Problem description – The reply should hold only the lines below beginning at the one with "image-20250411094934-2" and ending at the one with "GooFy & Suxita", copied exactly, with every picture left out.

Task data –

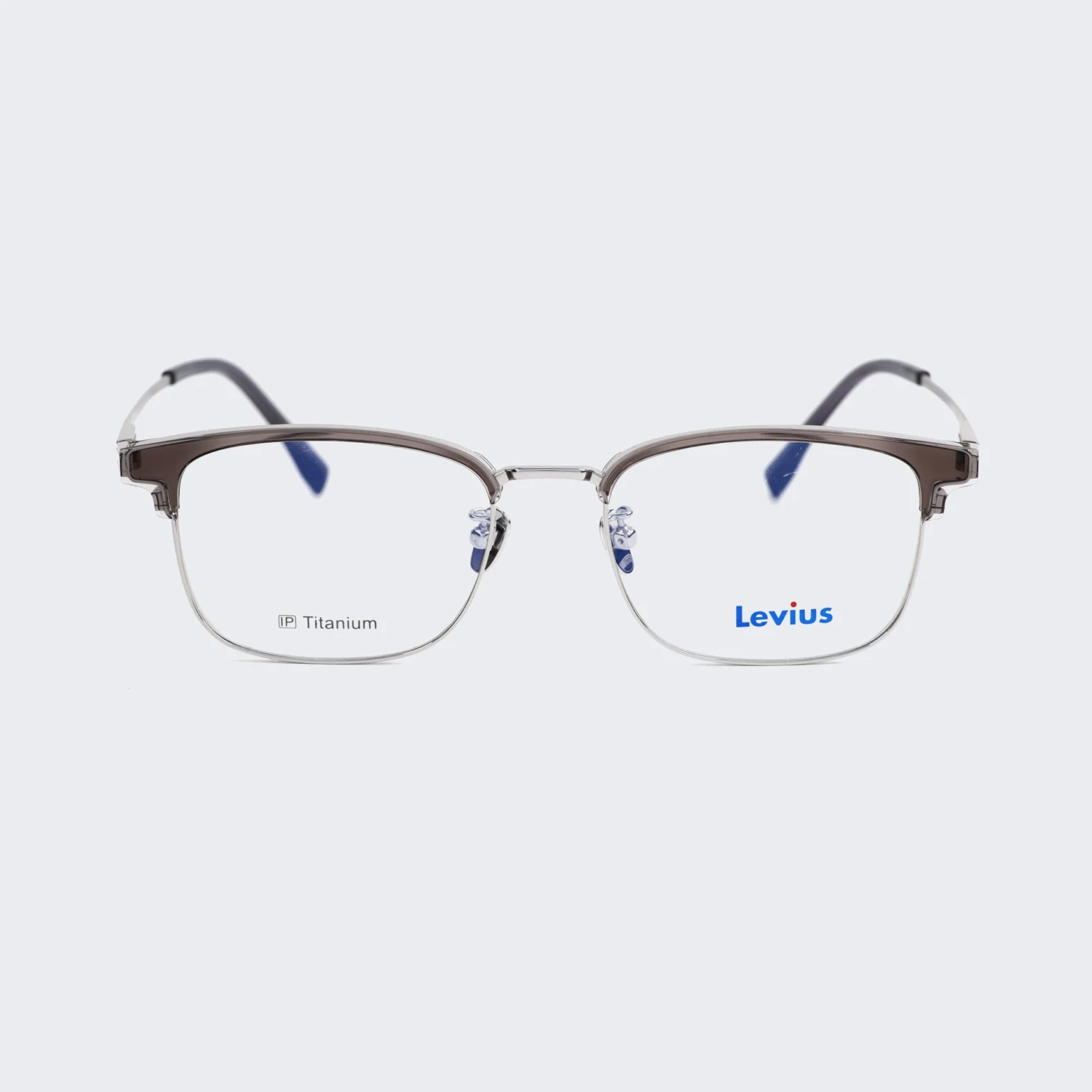 Gọng kính LEVIUS LV491 - Ảnh 5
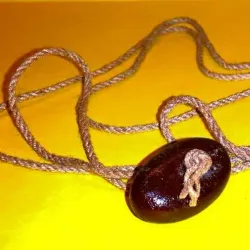 Las Muesas Artisanal Market - Las Muesas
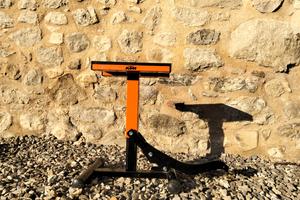 Cavalletto Alzamoto KTM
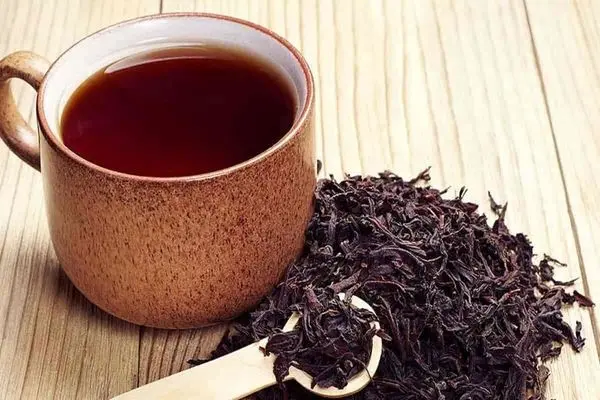اتحادیه چای کشور نسبت به کمبود و گرانی چای در آستانه ماه رمضان و عید نوروز ابراز نگرانی کرد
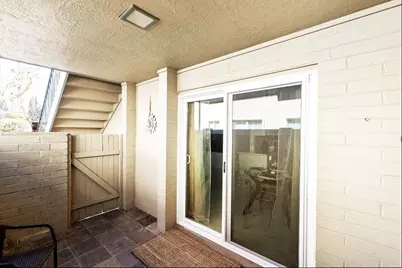4917 N 73rd Street #Apt 15, Scottsdale, AZ 85251 - Photo 13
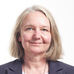 Michaela Roßner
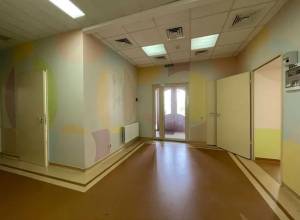  Нежитлове приміщення, W-7433246, Круглоуніверситетська, 13, Київ - Фото 14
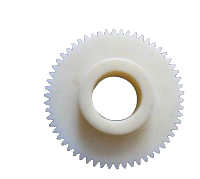 image-20250411094934-2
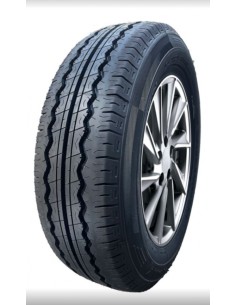 APTANY 185/65 R15C 97/95S RL228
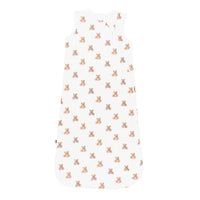 Kyte Baby Sleep Bag (1.0 TOG) Teddy Bear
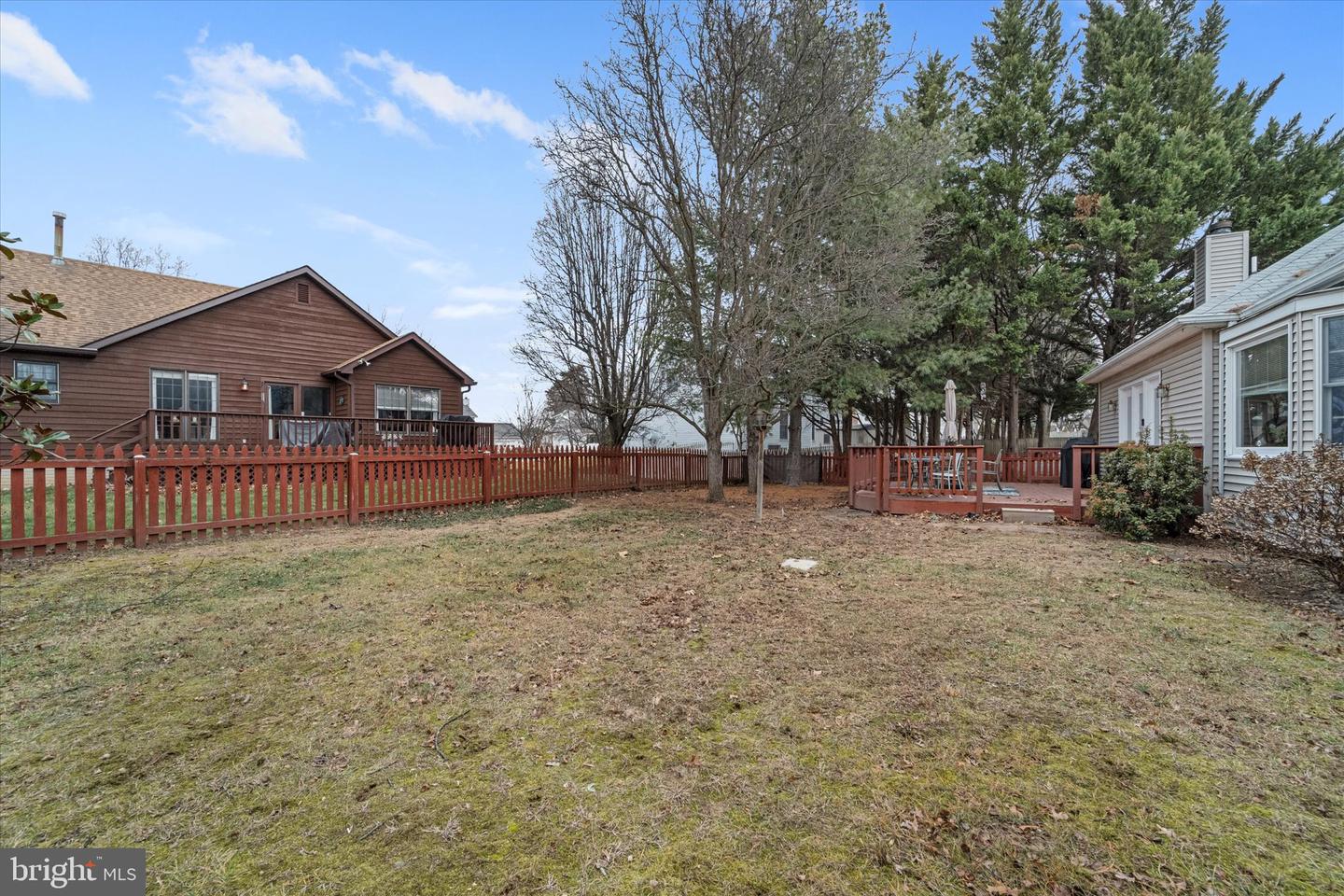 107 TUCKS CIR, WINCHESTER, Virginia 22602, 4 Bedrooms Bedrooms, ,2 BathroomsBathrooms,Residential,For sale,107 TUCKS CIR,VAFV2038614 MLS # VAFV2038614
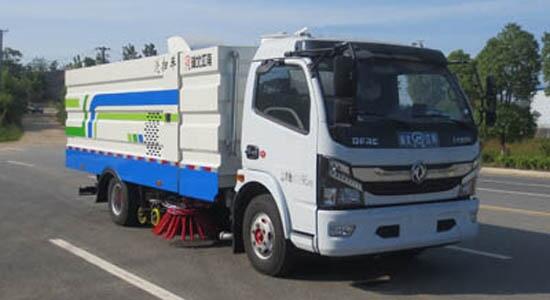 ·܇,|Lϴ܇,JDF5120TXSE6ϴ܇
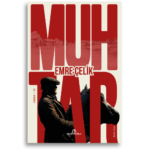 Muhtar | Emre Çelik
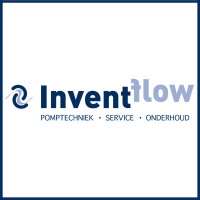 Inventflow logo - Similar company to Vtech Electronics Europe Bv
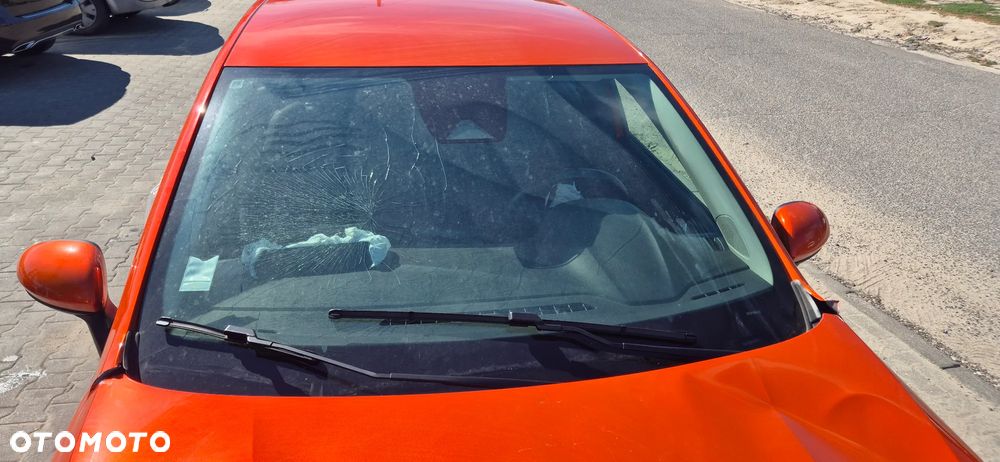 Renault Clio 1.6 E-TECH Equilibre - 12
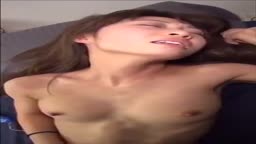 好きなハメ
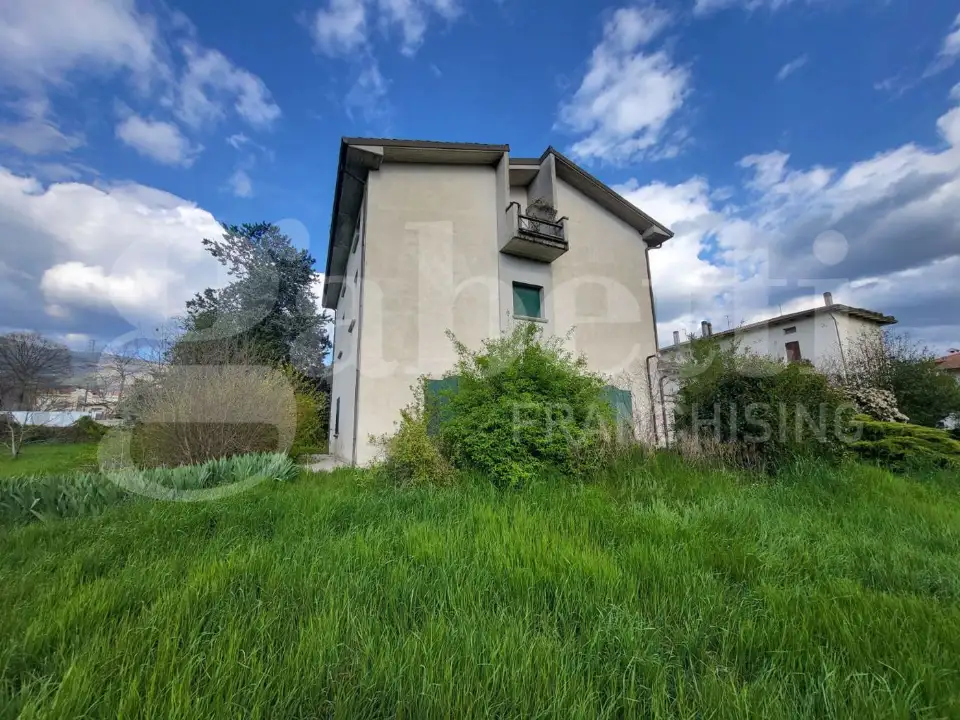 Casa Indipendente - Image 5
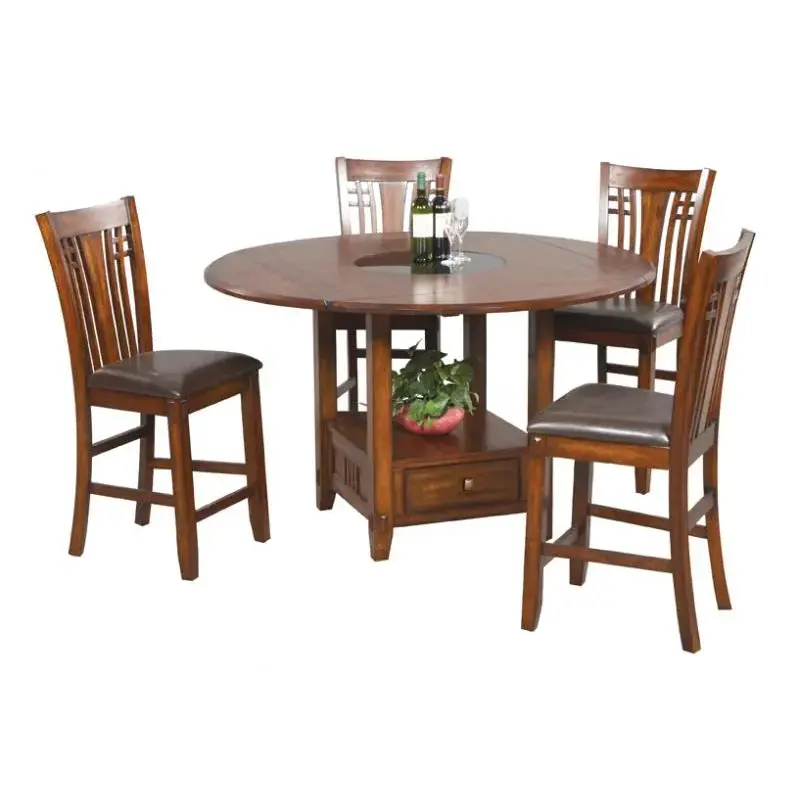 homelivingfurniture-220260617233617841789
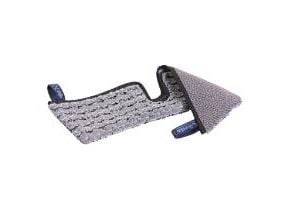 Mopp Swep Duo SafetyPlus L50 cm st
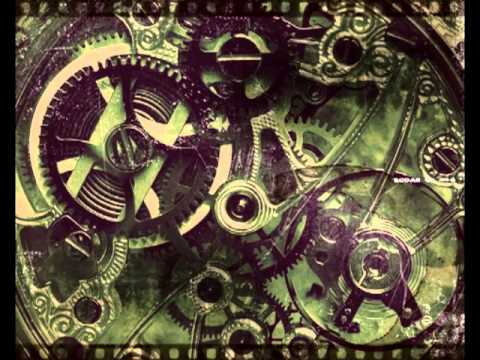 GooFy & Suxita & Diversanti  dro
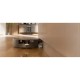 iRobot Roomba Max 775Combo X285040 Σκούπα Ρομπότ για Σκούπισμα & Σφουγγάρισμα με Χαρτογράφηση και Wi-Fi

Exercise response –
 image-20250411094934-2
 APTANY 185/65 R15C 97/95S RL228
 Kyte Baby Sleep Bag (1.0 TOG) Teddy Bear
 107 TUCKS CIR, WINCHESTER, Virginia 22602, 4 Bedrooms Bedrooms, ,2 BathroomsBathrooms,Residential,For sale,107 TUCKS CIR,VAFV2038614 MLS # VAFV2038614
 ·܇,|Lϴ܇,JDF5120TXSE6ϴ܇
 Muhtar | Emre Çelik
 Inventflow logo - Similar company to Vtech Electronics Europe Bv
 Renault Clio 1.6 E-TECH Equilibre - 12
 好きなハメ
 Casa Indipendente - Image 5
 homelivingfurniture-220260617233617841789
 Mopp Swep Duo SafetyPlus L50 cm st
 GooFy & Suxita & Diversanti  dro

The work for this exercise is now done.